“Enflasyonda kalıcı düşüşü sağlayacağız”

GİRİŞ TARİHİ: 03.01.2025 GİRİŞ TARİHİ: 22:43 SON GÜNCELLEME: 06.01.2025 00:01
Hazine ve Maliye Bakanı Mehmet Şimşek, fiyat istikrarının sürdürülebilir yüksek büyümenin ön koşulu olduğunu vurgulayarak, Program dönemi sonunda enflasyonu tek haneye indirmeyi hedeflediklerini kaydetti. Şimşek, “Belirsizlikler azalacak, ekonominin büyüme potansiyeli artacak ve kalıcı refah artışı sağlanacak” dedi…

Hazine ve Maliye Bakanı Mehmet Şimşek, 2025 yılında enflasyondaki düşüşün devam etmesinde dört temel hususun belirleyici olacağını vurgulayarak, ilk olarak para politikasının gecikmeli etkisinin 2025'te daha net olarak görüleceğini kaydetti. İkinci olarak 2024 yılında yüzde 4.9'a gerilemesi öngörülen bütçe açığının milli gelire oranını, etkin gelir tahsilatı ve harcama disipliniyle 2025'te yüzde 3.1'e indirmeyi hedeflediklerine dikkat çeken Şimşek, böylece maliye politikasının dezenflasyon sürecine daha fazla katkı sağlayacağını belirtti.
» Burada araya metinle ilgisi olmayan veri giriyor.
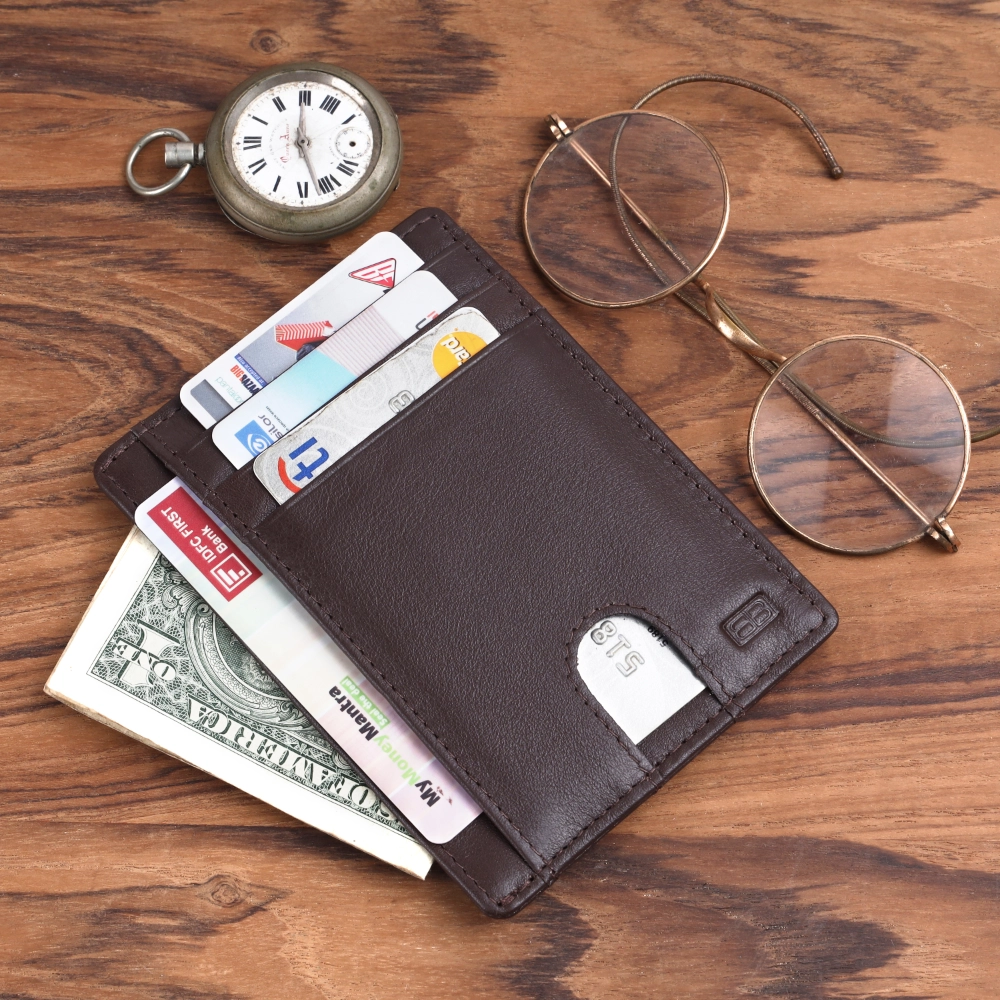 RFID Protected Leather Card Holder Wallet for Secure Cards - Image 7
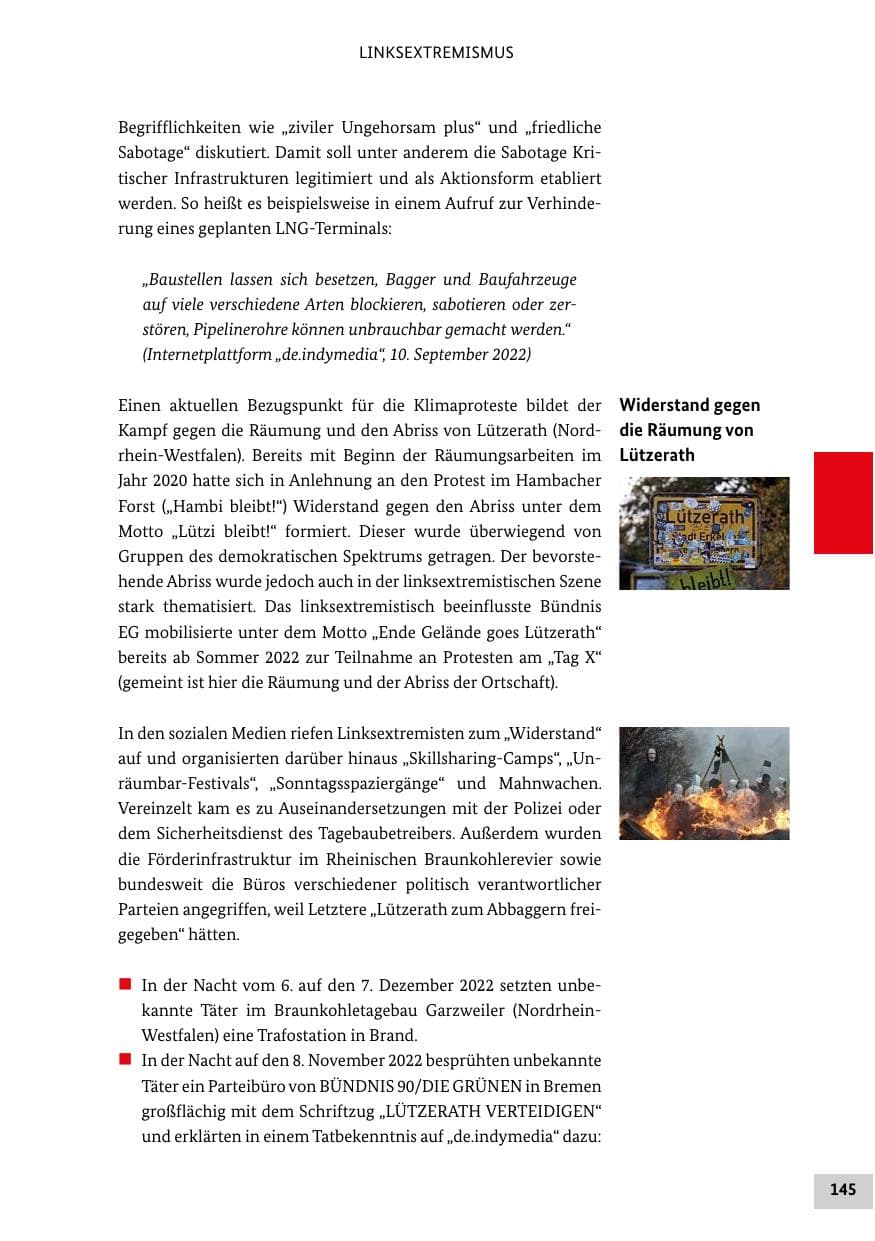 Seite 145 des Verfassungsschutzbericht 2022 Bund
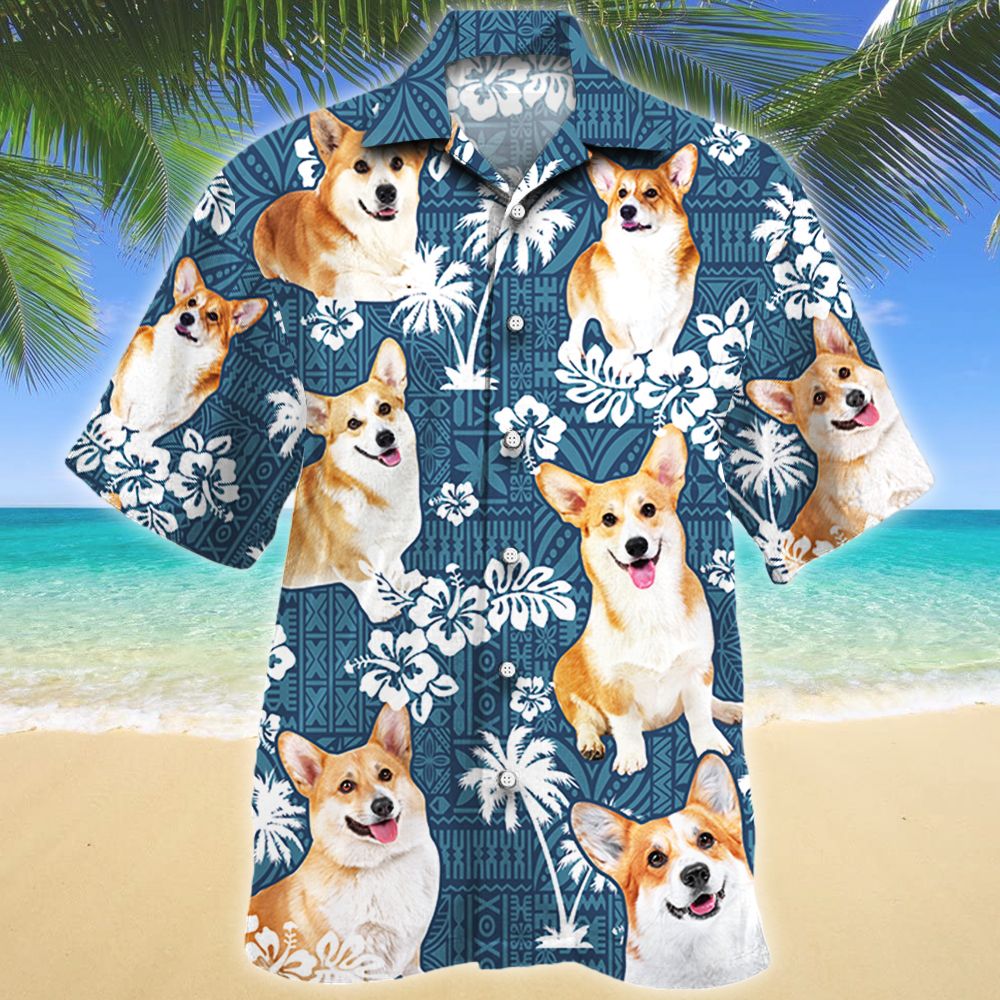 Welsh Corgi Dog Lovers Blue Tribal Pattern Hawaiian Shirt Ha6699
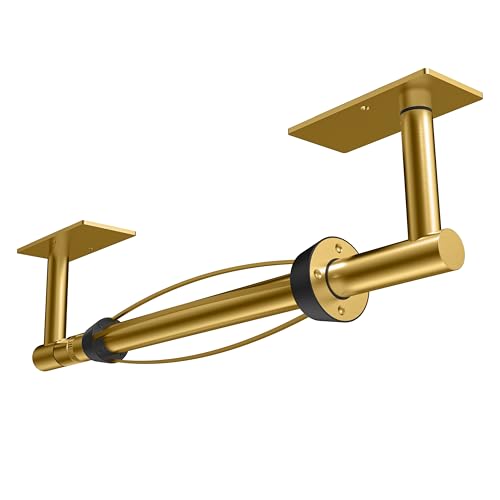 RUACQ Paper Towel Holder Under Cabinet, One Hand Tearing Paper Towel Holder with Damping Effect, Wall Mount & Adhesive Stainless Steel Paper Roll Holder for Kitchen Bathroom (Brushed Gold) - color: Brushed Gold, size: One Hand Tear - Rectangle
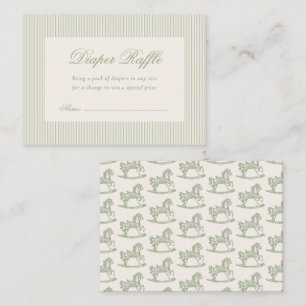 Diaper Raffle Vintage Rocking Horse Baby Shower Enclosure Card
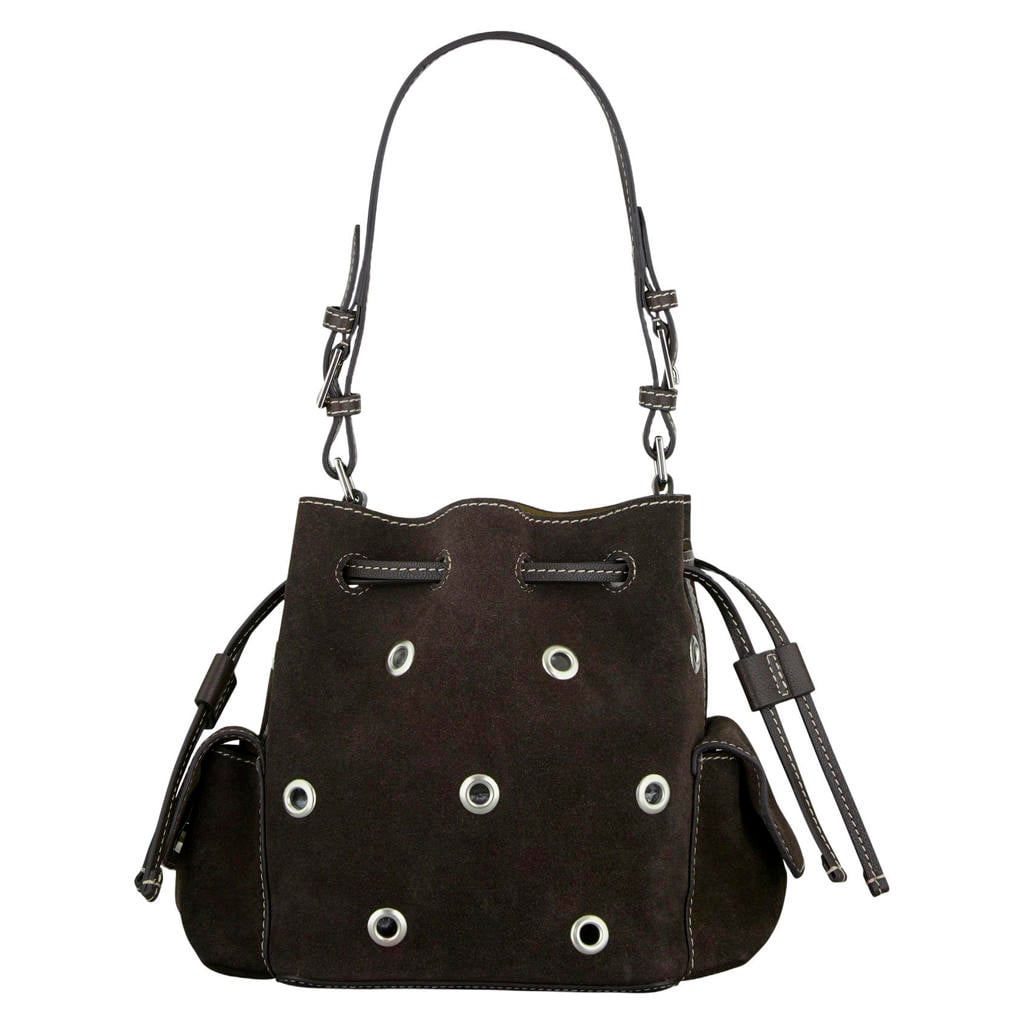 BECKSÖNDERGAARD suède crossbody tas Ellura Bucket donkerbruin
Üçüncü olarak bütçe imkanlarının elverdiği ölçüde, yönetilen ve yönlendirilen fiyatları enflasyon hedefiyle uyumlu olarak belirleyeceklerini dile getiren Şimşek, son olarak da dezenflasyonu sadece talep yönlü politikalarla değil aynı zamanda gıda, konut ve enerji gibi birçok alanda arz yönlü tedbirlerle de destekleyecek ve arzı artıracak reformlara hız vereceklerini vurguladı. Program dönemi sonunda enflasyonu tek haneye indirmeyi hedeflediklerini kaydeden Şimşek, "Kalıcı fiyat istikrarının sağlanmasıyla öngörülebilirlik artacak, belirsizlikler azalacak, ekonominin büyüme potansiyeli artacak ve kalıcı refah artışı sağlanacaktır" dedi.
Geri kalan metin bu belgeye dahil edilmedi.